Les mélomanes n'auront pas manqué de le noter: Pierre-Laurent Aimard est de retour cette semaine au Luxembourg avec un programme consacré à Bach. Celui qui a été le premier artiste invité en résidence à la Philharmonie en 2005 est l'un des grands pianistes de notre temps et l'un des spécialistes les plus sollicités de musique contemporaine. Mais pas seulement. Dans un entretien, il décrypte son univers musical.

Vous avez surtout la réputation d'un interprète hors pair de musique contemporaine. Or vous avez présenté jeudi l'intégrale du «Clavier bien tempéré» de Bach, achevée en 1750. Avez-vous un répertoire de prédilection?

Il me semble naturel de jouer de la musique d'aujourd'hui. Cela me situe un peu à part dans l'univers de la musique classique qui reste extrêmement conservateur et couvre à peu près un siècle et demi. Pour moi, il n'y a pas une culture dominante ou une expression qui serait meilleure que les autres. Bach, Mozart et Schumann sont merveilleux mais ils ne sont pas les seuls. J'ai besoin de cette diversité pour mon équilibre intérieur.

Pourquoi Bach aujourd'hui?

Je n'ai presque jamais joué l'oeuvre de Bach en public jusqu'à l'âge de 50 ans. C'est l'une des plus riches musiques écrites pour clavier, mais c'est aussi l'une des plus difficiles. C'est une oeuvre de synthèse qui demande d'avoir une bonne compréhension de l'époque baroque mais qui absorbe aussi beaucoup de style antique. Par ailleurs, le «Clavier bien tempéré» n'a pas été écrit pour le piano moderne mais pour clavecin, orgue ou clavicorde baroques. J'ai estimé qu'il me fallait du temps. Et en effet, cela a été une aventure.

Est-ce une oeuvre qui peut encore surprendre?

A mon sens, il y a encore des choses à faire pour l'interprétation de Bach. Depuis plus d'un demi-siècle, il y a eu une révolution baroque grâce à des musiciens bien informés qui ont travaillé avec des musicologues et des instruments d'époque. Ils ont remis les pendules à l'heure. Or l'absorption de ce phénomène sur des instruments modernes n'est pas complètement faite. Même dans les conservatoires, on enseigne Bach toujours de façon post-romantique, très académique. D'autre part, cette partition a été conçue en dehors de tout projet d'exécution publique. Cela m'intéresse de présenter une oeuvre comme cela, absolument pas formatée pour un concert tel qu'il se pratique actuellement.
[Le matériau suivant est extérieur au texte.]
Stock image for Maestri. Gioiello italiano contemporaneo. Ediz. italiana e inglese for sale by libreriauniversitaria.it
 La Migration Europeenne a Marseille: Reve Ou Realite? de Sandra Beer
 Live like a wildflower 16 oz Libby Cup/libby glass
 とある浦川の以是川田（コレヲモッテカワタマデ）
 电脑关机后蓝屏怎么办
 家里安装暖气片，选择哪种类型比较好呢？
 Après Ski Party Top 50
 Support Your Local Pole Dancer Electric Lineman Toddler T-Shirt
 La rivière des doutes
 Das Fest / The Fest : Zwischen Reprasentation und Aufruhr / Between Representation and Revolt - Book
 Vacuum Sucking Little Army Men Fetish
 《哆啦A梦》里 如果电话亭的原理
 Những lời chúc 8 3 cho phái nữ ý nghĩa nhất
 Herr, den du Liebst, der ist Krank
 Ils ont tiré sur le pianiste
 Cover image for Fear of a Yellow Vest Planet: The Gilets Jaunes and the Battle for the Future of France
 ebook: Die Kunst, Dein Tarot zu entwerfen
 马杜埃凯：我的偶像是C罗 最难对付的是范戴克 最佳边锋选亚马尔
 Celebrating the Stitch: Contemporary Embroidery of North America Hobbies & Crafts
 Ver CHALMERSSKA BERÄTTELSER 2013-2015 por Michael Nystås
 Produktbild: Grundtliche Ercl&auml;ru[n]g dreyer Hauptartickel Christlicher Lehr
Il y a un paradoxe à rechercher plus d'authenticité tout en jouant Bach sur un piano moderne...

C'est un défi. La question est de savoir si le défi mérite la peine d'être relevé. Je pense que oui. Tout d'abord parce que Bach trouvait que les instruments de son temps étaient insuffisants, en particulier le clavecin. Le piano moderne a des richesses de relief, de dynamique et de variété qu'aucun des instruments de l'époque n'avait. Par ailleurs, le «Clavier bien tempéré» a été pensé pour différents instruments. Le piano moderne permet quelque part de résoudre le problème de l'immense variété de ces styles instrumentaux.

Comment concrètement avez-vous abordé cette oeuvre que vous aviez sûrement jouée dès votre plus jeune âge?

La malchance et la chance que j'ai eues, c'est que j'ai mal appris ces préludes et fugues. A Paris, je n'ai pas été éduqué pour Bach. Je n'avais aucune conscience stylistique de cette musique. De sorte que quand je l'ai reprise récemment, j'ai pu faire une table rase complète. Le projet est né il y a un peu plus de deux ans et j'ai pris sept mois de congé sabbatique pour pouvoir le préparer correctement. Je ne voulais pas lui imposer notre tempo d'aujourd'hui.

Comment expliquez-vous la fascination toujours intacte des mélomanes comme des interprètes pour l'oeuvre de Bach?

Je crois que cela tient à sa dimension artistique – une sève de création jamais interrompue, la manière dont il transcende tous les cadres de référence de son époque – et artisanale – un savoir-faire qui atteint la perfection dans les moindres détails. Il est incomparable.

Même la musique pop ou techno l'a récupéré. Cela vous semble légitime ou de la profanation?

C'est un hommage à son pouvoir extraordinaire de communication. Il n'est jamais hermétique. Il y a toujours un niveau dans son oeuvre qui parle aux différents types d'éducation. Il y a un côté universel chez lui.